— Activity —
Once the images are removed, set down everything else in the listing below exactly.

— Source data —
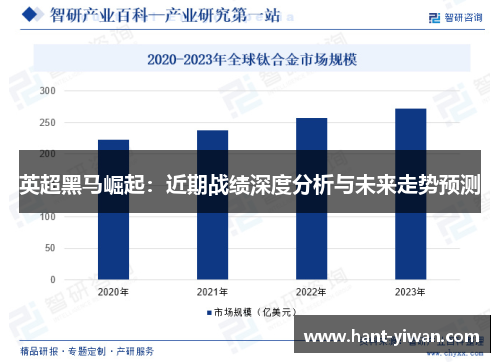 英超黑马崛起：近期战绩深度分析与未来走势预测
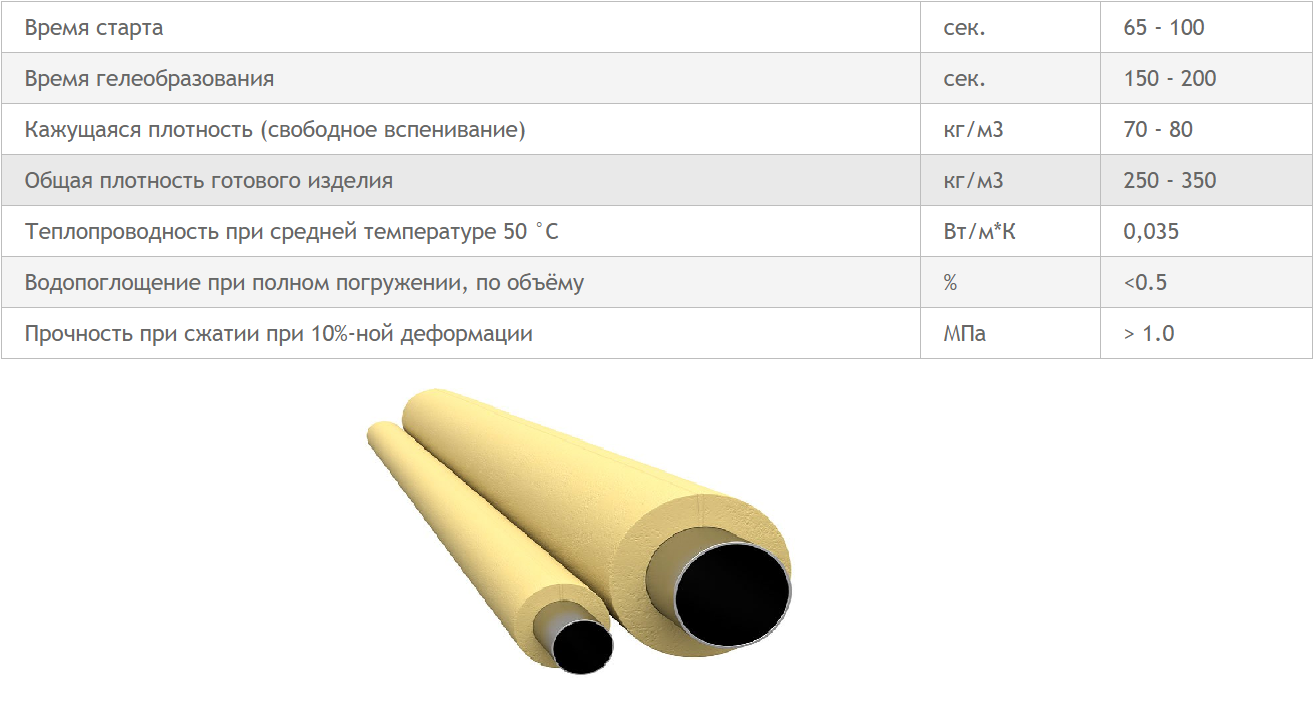 Трубы в ППМИ / ППУ ПЭ-ОЦ изоляции.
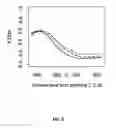 Fig. 06 - Limited transpiration traits and breeding methods in maize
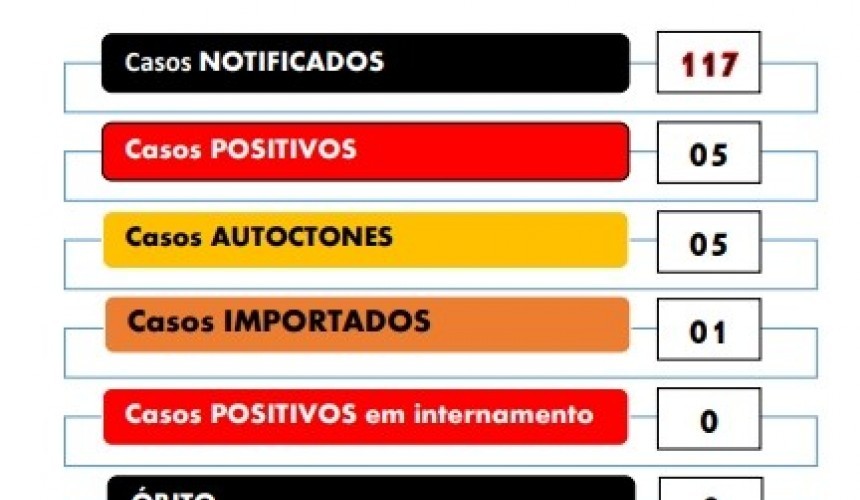 Dengue avança no Paraná, com três novas mortes e 2.379 casos, Capitão segue em alerta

— The answer —
 英超黑马崛起：近期战绩深度分析与未来走势预测
 Трубы в ППМИ / ППУ ПЭ-ОЦ изоляции.
 Fig. 06 - Limited transpiration traits and breeding methods in maize
 Dengue avança no Paraná, com três novas mortes e 2.379 casos, Capitão segue em alerta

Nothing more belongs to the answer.